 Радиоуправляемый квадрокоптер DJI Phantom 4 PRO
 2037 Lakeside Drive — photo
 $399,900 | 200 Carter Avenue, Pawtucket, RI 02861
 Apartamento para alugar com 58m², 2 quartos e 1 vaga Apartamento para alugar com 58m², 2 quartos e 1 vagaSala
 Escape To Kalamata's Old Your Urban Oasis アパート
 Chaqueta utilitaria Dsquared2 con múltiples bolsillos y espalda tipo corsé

※ ※ ※

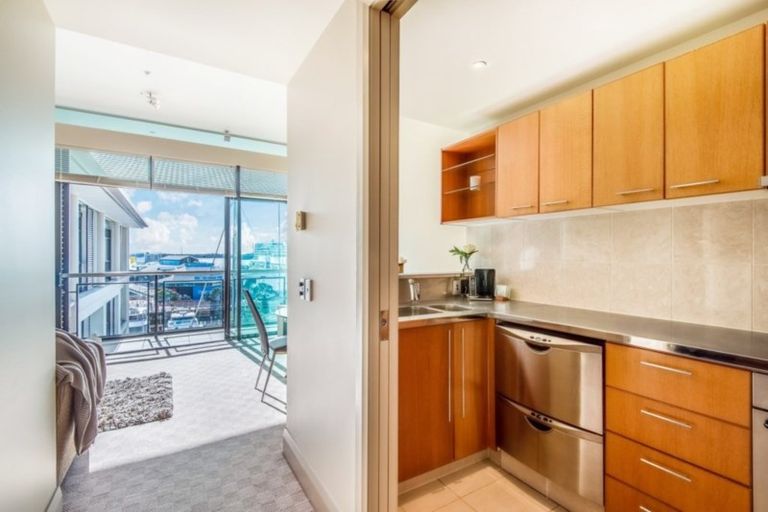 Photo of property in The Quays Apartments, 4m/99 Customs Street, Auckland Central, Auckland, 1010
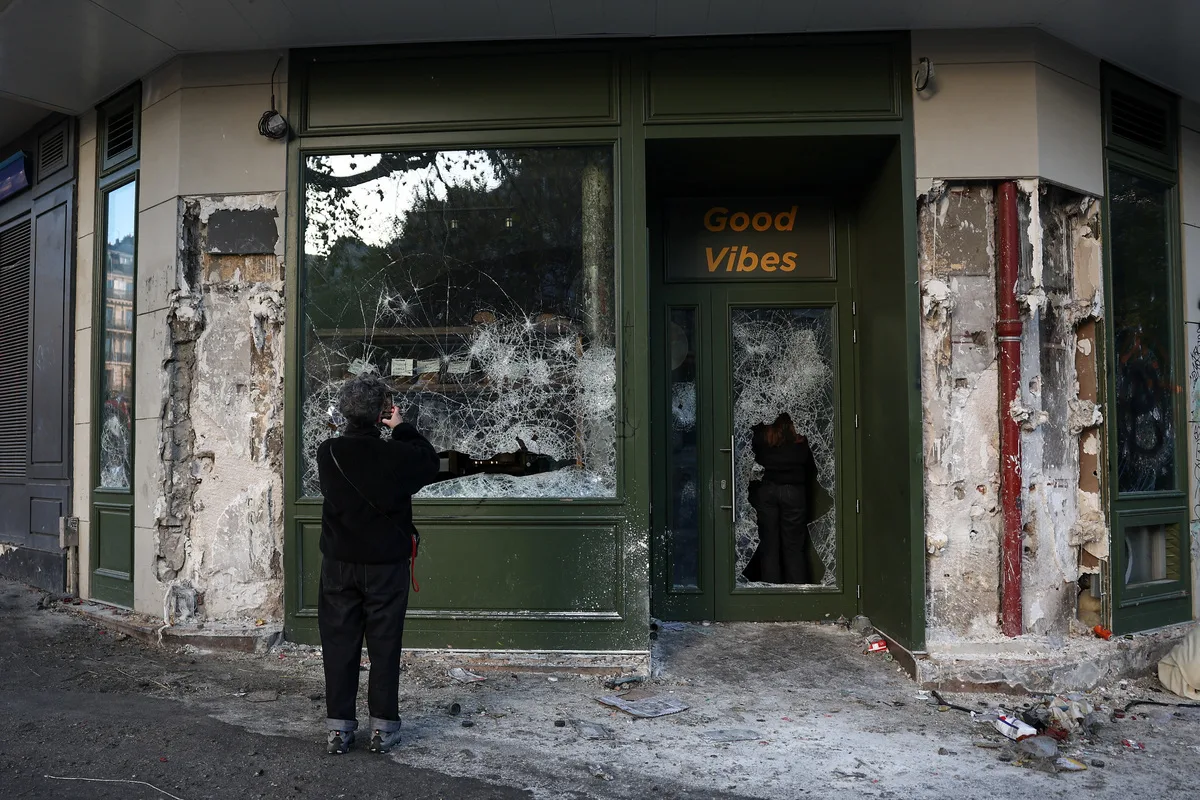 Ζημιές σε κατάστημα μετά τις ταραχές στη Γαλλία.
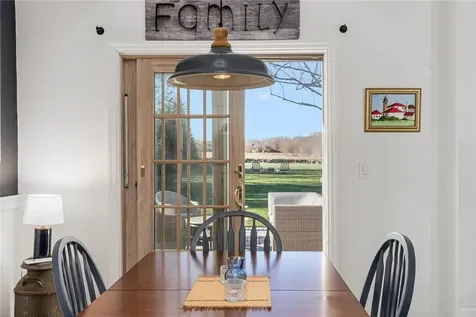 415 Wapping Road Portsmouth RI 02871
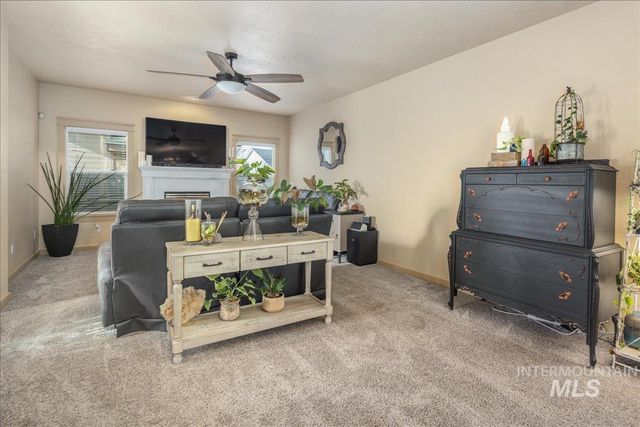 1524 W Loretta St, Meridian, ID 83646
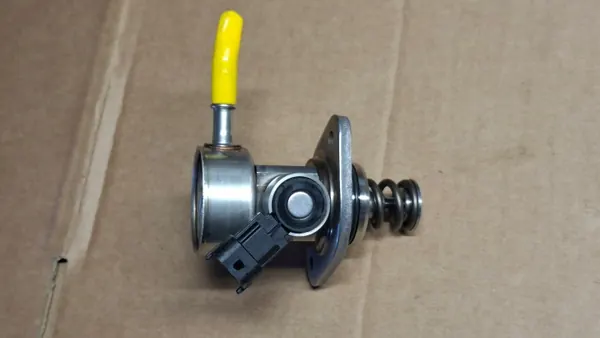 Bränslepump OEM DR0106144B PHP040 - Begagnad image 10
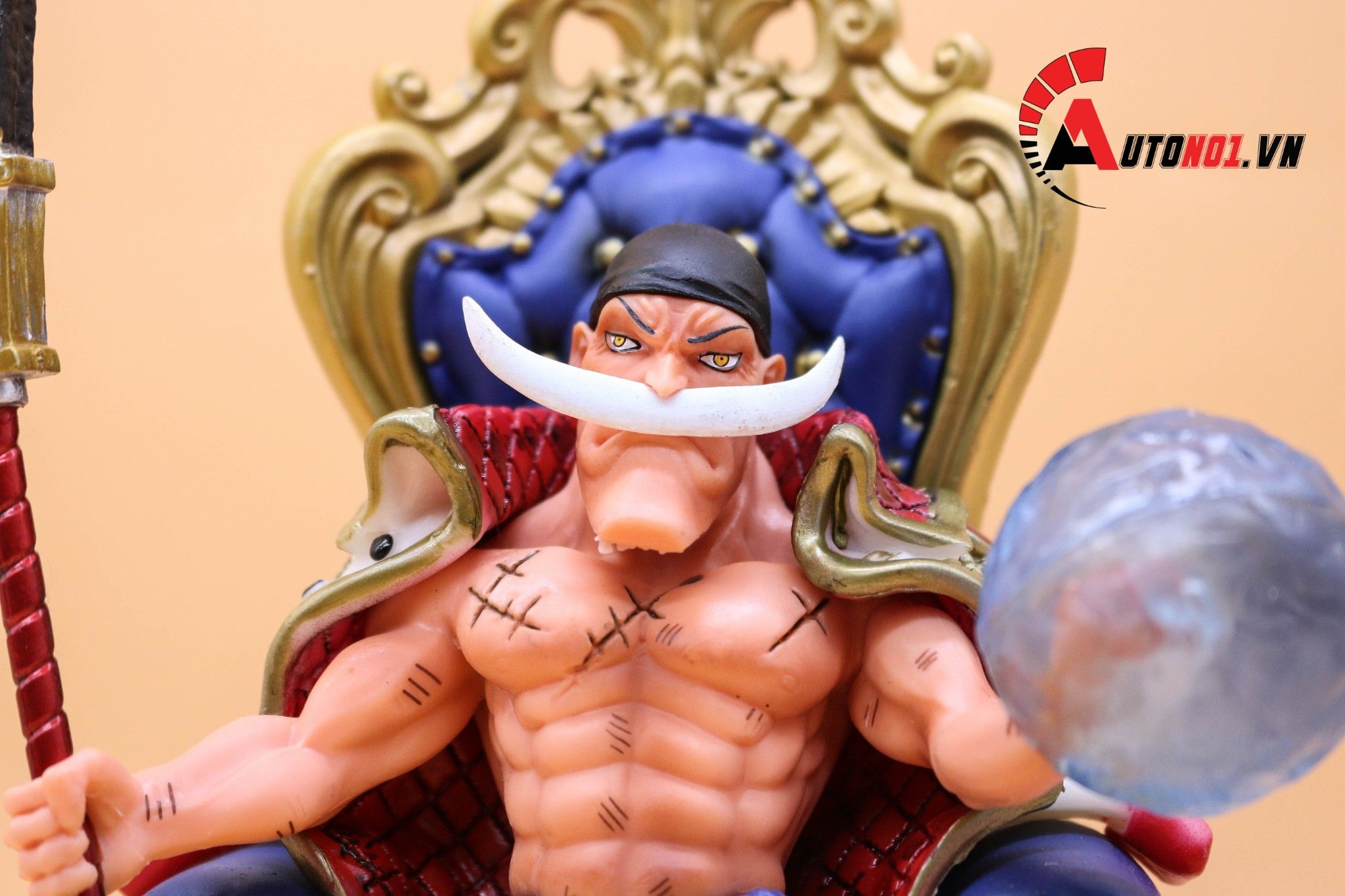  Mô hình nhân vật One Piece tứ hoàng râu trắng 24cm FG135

※ ※ ※

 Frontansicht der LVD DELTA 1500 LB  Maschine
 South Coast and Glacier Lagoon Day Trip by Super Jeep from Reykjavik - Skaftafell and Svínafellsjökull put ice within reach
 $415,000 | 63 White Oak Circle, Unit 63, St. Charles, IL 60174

※ ※ ※

WHAT THE TASK REQUIRES → In the entries above, find the line with "Pawtucket, RI 02861" and the line with "Chaqueta utilitaria Dsquared2", then restate word for word both of them and every line between, with nothing more.

SOLUTION →
 $399,900 | 200 Carter Avenue, Pawtucket, RI 02861
 Apartamento para alugar com 58m², 2 quartos e 1 vaga Apartamento para alugar com 58m², 2 quartos e 1 vagaSala
 Escape To Kalamata's Old Your Urban Oasis アパート
 Chaqueta utilitaria Dsquared2 con múltiples bolsillos y espalda tipo corsé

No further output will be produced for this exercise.